I looked up from my Rubik’s Cube and cleared my throat just loud enough to let him know that I was about to say something. “Do you mind me asking what’s that you’re always working on?”
He laughed, you know, that kind of laugh that’s both heartfelt and embarrassed at the same time. “It’s a novel,” he said, but refused to look at me. He was blushing.
So I decided to tease him about it. “A romance novel? Erotica?”
He got even redder. “I would have you know that it indeed has a little romance, but it is definitely a whodunnit.”
“Well, I hope the main character is not a detective. That’s sooooo cliché! But if he’s anything like a shrink, you best keep that in your laptop!”
“Har har. Actually, he was a shrink, as you so nicely put it.” He paused. Then he looked at me with an enigmatic smile. “But something’s made me change him. That’s why it’s taken me this long. I had to rewrite it from the start.”
“So if he’s not a shrink anymore, what is he now?”
“I’ll tell you when it’s already published. Actually, I’d do better than that. I’ll give you a copy.”
“You mean someone made a drunken mistake of publishing it?” I smirked at him.

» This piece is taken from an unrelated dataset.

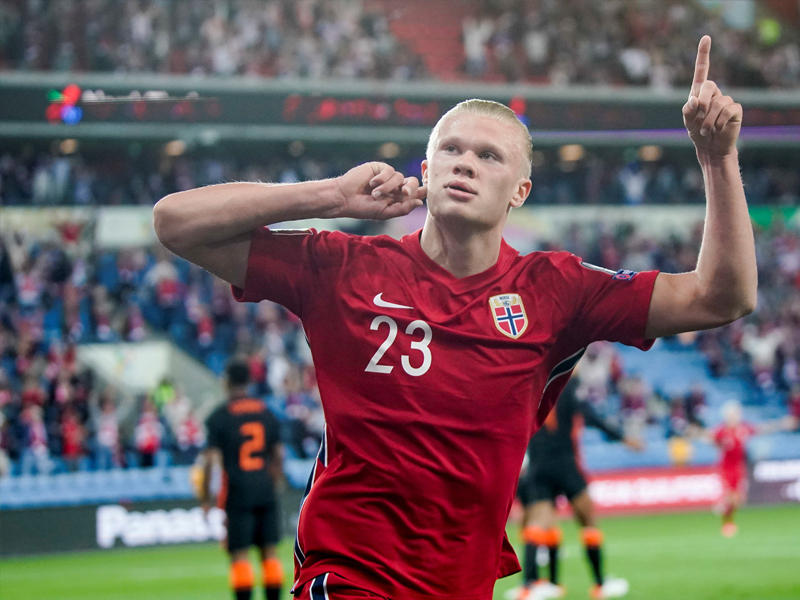 مهاجم بوروسيا دورتموند الألماني إرلينغ براوت هالاند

“Yep, it’s going to be published as soon as my editor and I have everything ironed out,” he said, ignoring my smart-ass comment.
I was happy for him. But, more than anything, I was definitely curious about his writing career.

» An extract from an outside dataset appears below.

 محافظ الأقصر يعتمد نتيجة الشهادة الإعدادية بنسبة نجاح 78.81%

“Is that one of your dreams? Becoming a writer?” I asked him.
“You could say that. But I’ve always been writing. I guess, what my dream actually was, was to be a published writer.”
I nodded my head, you know, in that contemplating kind of way. “So... any more unfulfilled dreams?”

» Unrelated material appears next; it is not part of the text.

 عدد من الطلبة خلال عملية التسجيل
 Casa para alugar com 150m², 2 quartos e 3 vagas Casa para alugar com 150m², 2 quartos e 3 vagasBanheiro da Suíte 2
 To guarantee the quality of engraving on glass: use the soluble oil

“If traveling around the world is a dream, then...”
“Well, you know me. I got lots of them,” I said, unable to keep the bitterness from my voice.
I ignored him. “I wanted to fly a plane. I wanted to play pro basketball. I wanted to build my own house. I wanted to prosecute criminals then become a judge later. I wanted to go hiking and camp out alone for a week. I wanted to learn how to surf. I wanted to...”
I almost screamed in frustration. I almost threw the Rubik’s Cube in my hands across the room; as it was, my hands were trying to squeeze it into one little ball. I didn’t know when I’d ever be over this thing in my life. It seemed to haunt me every day of my life, and often, at the oddest times, at the most unexpected moments.
I sighed loudly, but it did little to alleviate the heaviness I felt.
“You know, right now, my only dream is to be able to get out of this chair, but I know that that’s exactly how it’s going to end: just a dream,” I said, “Just a dream.”
I have never received a package on a Saturday morning before, or any other mornings for that matter. That’s why when Dad handed me one while I was eating breakfast, and I saw that it came from Greg, I guessed that his book must have been published already.
It was. And what a gloomy title it had: When Sorrows Come.
The synopsis at the back was enough to make me roll my eyes.
“Jake Rodriguez's father receives death threats all the time. It's all a part of the job, he says, being the mayor of Manila. But when one turns out to be serious and barely misses his father, Jake decides to play detective and snoop around the city hall. A car hits him as he was going out of his car, and the next thing he knows, he is in a hospital and will never be able to walk again, his memory of the of the accident totally gone. All that he remembers is going to sleep the day before that.
“Convinced that his accident was connected to the threat on his father's life, Jake decides to pick up where he left off. Though now, he is definitely conspicuous. One day, he wheels himself to the wrong part of the city hall, and suddenly, shadows begin following him. Will he be able to solve the mystery before his father's time runs out, or the shadows catch up to him?”
I began turning pages, and the moment I came to the dedication, I couldn’t help but choke at the emotions that had suddenly flooded me. Both my dad and brother turned to look at me with concern, but I ignored them.
“To the Jakes of this world: Nothing can keep you from doing what you want except yourself. Just remember that I’m right behind you.”